Sensity Systems
Sensity Systems is a computer vision and Artificial Intelligence (AI) company that provides video-based detection and analytics platforms for identifying and monitoring deepfakes and manipulated media across digital channels.
- AI-driven deepfake and visual threat detection platform for video, images, and livestream content (security and risk analytics).
- Computer-vision analytics for monitoring visual media across social platforms, messaging services, and other online channels (threat intelligence).
- APIs and integrations for embedding deepfake and synthetic media detection into enterprise workflows and existing security or trust-and-safety stacks (developer tools).
- Dashboards and reporting capabilities for content review teams, trust-and-safety units, and brand protection or fraud operations (governance and compliance tooling).
- Advisory support and technical services for configuring detection pipelines and policies for platforms, enterprises, and public-sector organizations (professional services).

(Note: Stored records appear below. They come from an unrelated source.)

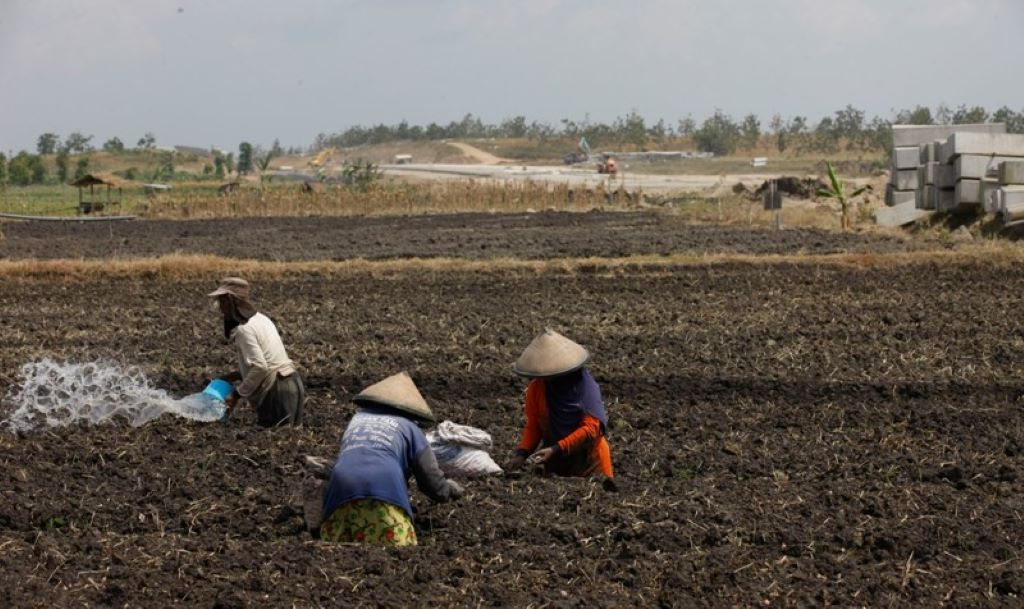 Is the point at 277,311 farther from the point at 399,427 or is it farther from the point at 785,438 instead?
the point at 399,427

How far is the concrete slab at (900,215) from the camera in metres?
25.5

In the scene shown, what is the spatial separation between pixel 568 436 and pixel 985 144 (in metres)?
18.2

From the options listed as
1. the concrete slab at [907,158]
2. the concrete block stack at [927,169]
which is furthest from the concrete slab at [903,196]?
the concrete slab at [907,158]

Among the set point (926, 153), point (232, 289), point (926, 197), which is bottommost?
point (926, 197)

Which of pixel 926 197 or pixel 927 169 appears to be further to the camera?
pixel 926 197

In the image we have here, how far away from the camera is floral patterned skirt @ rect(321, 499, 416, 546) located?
6.45m

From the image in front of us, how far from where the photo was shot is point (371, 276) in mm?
18344

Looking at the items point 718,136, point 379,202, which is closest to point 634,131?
point 718,136

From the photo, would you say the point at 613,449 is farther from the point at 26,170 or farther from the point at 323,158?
the point at 323,158

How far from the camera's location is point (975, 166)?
23.0 metres

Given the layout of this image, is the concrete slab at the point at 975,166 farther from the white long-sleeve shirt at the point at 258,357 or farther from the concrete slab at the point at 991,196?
the white long-sleeve shirt at the point at 258,357

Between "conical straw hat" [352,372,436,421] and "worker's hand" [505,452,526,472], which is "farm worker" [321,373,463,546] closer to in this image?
"conical straw hat" [352,372,436,421]

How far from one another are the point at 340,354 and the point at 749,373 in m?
3.84

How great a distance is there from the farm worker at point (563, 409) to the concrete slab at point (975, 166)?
17.0 meters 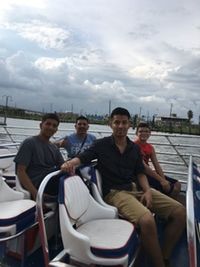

More About Sensity Systems
Sensity Systems operates in the category of AI-based threat detection and media integrity, with a focus on identifying deepfakes and other forms of manipulated or synthetic visual content. Its offerings are designed for enterprise, platform, and institutional environments where large volumes of user-generated or third-party media must be screened for fraud, disinformation, abuse, and policy violations. Typical stakeholders include security and risk teams, trust-and-safety departments, compliance functions, and investigative or intelligence units.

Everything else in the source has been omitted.